Ref: https://bugs.freedesktop.org/show_bug.cgi?id=18961,http://lists.freedesktop.org/archives/dbus/2008-February/009401.html

Tag: dbus-policy-excessively-broad
Severity: serious
Certainty: possible
Info: The package contains D-Bus policy configuration that
 matches broad classes of messages. This will cause strange side-effects,
 is almost certainly unintended, and is a probable security flaw.
 .
 For instance,
 .
   &lt;policy user="daemon"&gt;
     &lt;allow send_type="method_call"/&gt;
     &lt;allow send_destination="com.example.Bees"/&gt;
   &lt;/policy&gt;
 .
 in any system bus policy file would allow the <tt>daemon</tt> user to send
 any method call to any service, including method calls which are meant to
 be restricted to root-only for security, such as
 <tt>org.freedesktop.systemd1.Manager.StartTransientUnit</tt>. (In addition,
 it allows that user to send any message to the <tt>com.example.Bees</tt>
 service.)
 .
 The intended policy for that particular example was probably more like
 .
   &lt;policy user="daemon"&gt;
     &lt;allow send_type="method_call" send_destination="com.example.Bees"/&gt;
   &lt;/policy&gt;
 .
 which correctly allows method calls to that particular service only.
Ref: http://www.openwall.com/lists/oss-security/2015/01/27/25

Tag: dbus-session-service-wrong-name
Severity: wishlist
Certainty: certain
Info: The package contains a D-Bus session service whose filename
 does not match the <tt>Name</tt> field found in the file.
 This makes it possible that two non-conflicting packages could
 provide the same service name with the same search-path priority
 (i.e. in the same directory). dbus-daemon will arbitrarily choose
 one of them, which is unlikely to be the desired result.
 .
 Best-practice is that if you implement a session service whose well-known
 name is <tt>com.example.MyService1</tt>, and it should be
 service-activatable, you should achieve that by packaging
 <tt>/usr/share/dbus-1/services/com.example.MyService1.service</tt>.

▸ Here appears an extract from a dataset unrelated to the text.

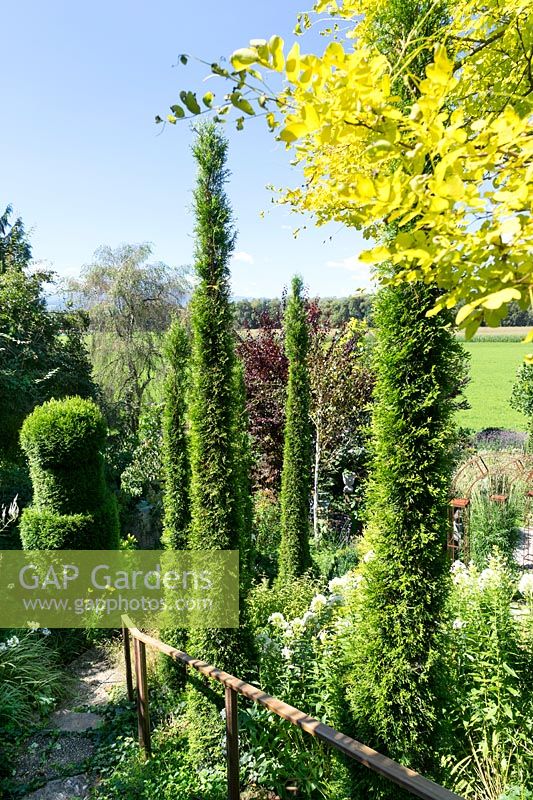 Garden design with topiary cut conifers and shrubs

Tag: dbus-system-service-wrong-name
Severity: serious
Certainty: certain
Info: The package contains a D-Bus system service whose filename
 does not match the <tt>Name</tt> field found in the file.
 This will not work, because dbus-daemon-launch-helper specifically
 looks for that filename, in order to keep system-level activation
 secure and predictable.
 .
 If you implement a session service whose well-known name is
 <tt>com.example.MyService1</tt>, and it should be service-activatable,
 you must provide
 <tt>/usr/share/dbus-1/system-services/com.example.MyService1.service</tt>.